* _To do_
Print the records below word for word, beginning with the first line and ending once the line containing "Sea Ray 330 Sundancer image" is printed.

[Brief descriptive captions]
□ □ □ □ □ □ □

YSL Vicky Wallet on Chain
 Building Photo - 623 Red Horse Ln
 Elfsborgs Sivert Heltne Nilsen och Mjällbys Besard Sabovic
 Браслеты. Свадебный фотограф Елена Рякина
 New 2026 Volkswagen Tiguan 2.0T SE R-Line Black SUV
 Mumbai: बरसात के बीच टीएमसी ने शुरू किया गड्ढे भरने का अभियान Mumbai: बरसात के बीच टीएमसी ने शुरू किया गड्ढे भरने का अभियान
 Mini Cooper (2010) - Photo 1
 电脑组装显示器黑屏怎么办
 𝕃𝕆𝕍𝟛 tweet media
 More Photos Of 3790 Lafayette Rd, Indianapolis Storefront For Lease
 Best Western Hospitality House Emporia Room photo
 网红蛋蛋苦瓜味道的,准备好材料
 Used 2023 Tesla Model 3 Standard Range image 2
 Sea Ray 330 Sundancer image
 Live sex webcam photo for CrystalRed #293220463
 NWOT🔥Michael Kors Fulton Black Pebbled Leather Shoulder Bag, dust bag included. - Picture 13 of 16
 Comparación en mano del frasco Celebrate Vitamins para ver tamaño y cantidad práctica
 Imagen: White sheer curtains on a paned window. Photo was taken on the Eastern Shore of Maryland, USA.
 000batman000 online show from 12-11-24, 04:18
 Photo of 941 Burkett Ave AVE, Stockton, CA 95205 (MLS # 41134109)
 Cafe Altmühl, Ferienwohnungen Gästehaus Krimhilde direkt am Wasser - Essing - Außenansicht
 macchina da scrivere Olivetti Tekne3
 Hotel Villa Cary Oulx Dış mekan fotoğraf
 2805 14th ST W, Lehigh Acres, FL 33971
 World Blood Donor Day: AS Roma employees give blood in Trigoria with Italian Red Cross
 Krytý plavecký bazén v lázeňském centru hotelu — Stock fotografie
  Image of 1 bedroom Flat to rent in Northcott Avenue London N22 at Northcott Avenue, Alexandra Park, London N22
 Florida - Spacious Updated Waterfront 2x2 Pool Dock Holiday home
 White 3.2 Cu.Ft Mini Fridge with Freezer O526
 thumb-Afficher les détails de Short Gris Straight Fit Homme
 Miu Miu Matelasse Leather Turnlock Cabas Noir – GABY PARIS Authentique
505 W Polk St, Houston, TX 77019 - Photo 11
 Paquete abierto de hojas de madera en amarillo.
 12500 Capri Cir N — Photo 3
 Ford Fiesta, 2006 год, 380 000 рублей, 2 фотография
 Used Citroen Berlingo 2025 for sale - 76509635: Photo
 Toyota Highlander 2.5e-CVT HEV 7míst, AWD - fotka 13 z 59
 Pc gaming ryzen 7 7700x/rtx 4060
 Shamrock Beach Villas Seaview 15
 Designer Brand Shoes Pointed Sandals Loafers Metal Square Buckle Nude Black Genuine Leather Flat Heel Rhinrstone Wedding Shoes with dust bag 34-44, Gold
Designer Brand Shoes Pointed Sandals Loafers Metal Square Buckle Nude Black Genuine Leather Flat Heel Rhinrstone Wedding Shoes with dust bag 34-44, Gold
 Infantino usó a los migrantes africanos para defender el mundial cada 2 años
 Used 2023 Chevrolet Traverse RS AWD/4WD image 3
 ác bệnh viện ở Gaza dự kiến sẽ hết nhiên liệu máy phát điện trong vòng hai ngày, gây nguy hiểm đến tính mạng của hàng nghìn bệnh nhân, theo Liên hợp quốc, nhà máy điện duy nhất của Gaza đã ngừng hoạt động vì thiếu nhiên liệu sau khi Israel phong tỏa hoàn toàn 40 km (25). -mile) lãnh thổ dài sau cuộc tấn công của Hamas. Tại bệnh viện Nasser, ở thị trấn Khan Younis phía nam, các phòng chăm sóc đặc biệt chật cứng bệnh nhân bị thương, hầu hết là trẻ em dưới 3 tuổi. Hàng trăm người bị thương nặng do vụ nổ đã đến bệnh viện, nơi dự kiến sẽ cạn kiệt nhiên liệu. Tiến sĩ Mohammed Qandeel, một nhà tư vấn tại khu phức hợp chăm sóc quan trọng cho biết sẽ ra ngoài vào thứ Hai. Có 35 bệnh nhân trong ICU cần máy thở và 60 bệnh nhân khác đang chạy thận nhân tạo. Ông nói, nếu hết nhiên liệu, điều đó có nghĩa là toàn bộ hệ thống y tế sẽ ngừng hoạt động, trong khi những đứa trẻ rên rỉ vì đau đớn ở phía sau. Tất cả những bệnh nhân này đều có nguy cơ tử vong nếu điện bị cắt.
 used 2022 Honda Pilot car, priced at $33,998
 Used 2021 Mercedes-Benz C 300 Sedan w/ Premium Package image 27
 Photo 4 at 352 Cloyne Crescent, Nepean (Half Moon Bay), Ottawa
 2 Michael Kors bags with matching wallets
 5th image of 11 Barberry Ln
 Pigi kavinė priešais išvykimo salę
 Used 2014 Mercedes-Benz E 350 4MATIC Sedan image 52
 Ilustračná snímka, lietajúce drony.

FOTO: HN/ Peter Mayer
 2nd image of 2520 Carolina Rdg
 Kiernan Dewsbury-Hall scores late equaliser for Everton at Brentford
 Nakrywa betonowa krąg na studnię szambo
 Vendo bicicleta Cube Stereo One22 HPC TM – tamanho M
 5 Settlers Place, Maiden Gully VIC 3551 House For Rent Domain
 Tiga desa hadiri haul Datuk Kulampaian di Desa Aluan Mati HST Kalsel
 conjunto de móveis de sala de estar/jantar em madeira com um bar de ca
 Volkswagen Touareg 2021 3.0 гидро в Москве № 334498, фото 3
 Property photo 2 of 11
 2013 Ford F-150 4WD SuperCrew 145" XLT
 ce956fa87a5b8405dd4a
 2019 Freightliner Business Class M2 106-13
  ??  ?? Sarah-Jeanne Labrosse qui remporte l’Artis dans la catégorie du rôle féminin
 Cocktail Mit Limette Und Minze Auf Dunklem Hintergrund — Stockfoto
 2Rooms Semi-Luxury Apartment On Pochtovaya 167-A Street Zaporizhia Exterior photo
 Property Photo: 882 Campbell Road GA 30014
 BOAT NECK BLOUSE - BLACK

□ □ □ □ □ □ □

* _Solution_
YSL Vicky Wallet on Chain
 Building Photo - 623 Red Horse Ln
 Elfsborgs Sivert Heltne Nilsen och Mjällbys Besard Sabovic
 Браслеты. Свадебный фотограф Елена Рякина
 New 2026 Volkswagen Tiguan 2.0T SE R-Line Black SUV
 Mumbai: बरसात के बीच टीएमसी ने शुरू किया गड्ढे भरने का अभियान Mumbai: बरसात के बीच टीएमसी ने शुरू किया गड्ढे भरने का अभियान
 Mini Cooper (2010) - Photo 1
 电脑组装显示器黑屏怎么办
 𝕃𝕆𝕍𝟛 tweet media
 More Photos Of 3790 Lafayette Rd, Indianapolis Storefront For Lease
 Best Western Hospitality House Emporia Room photo
 网红蛋蛋苦瓜味道的,准备好材料
 Used 2023 Tesla Model 3 Standard Range image 2
 Sea Ray 330 Sundancer image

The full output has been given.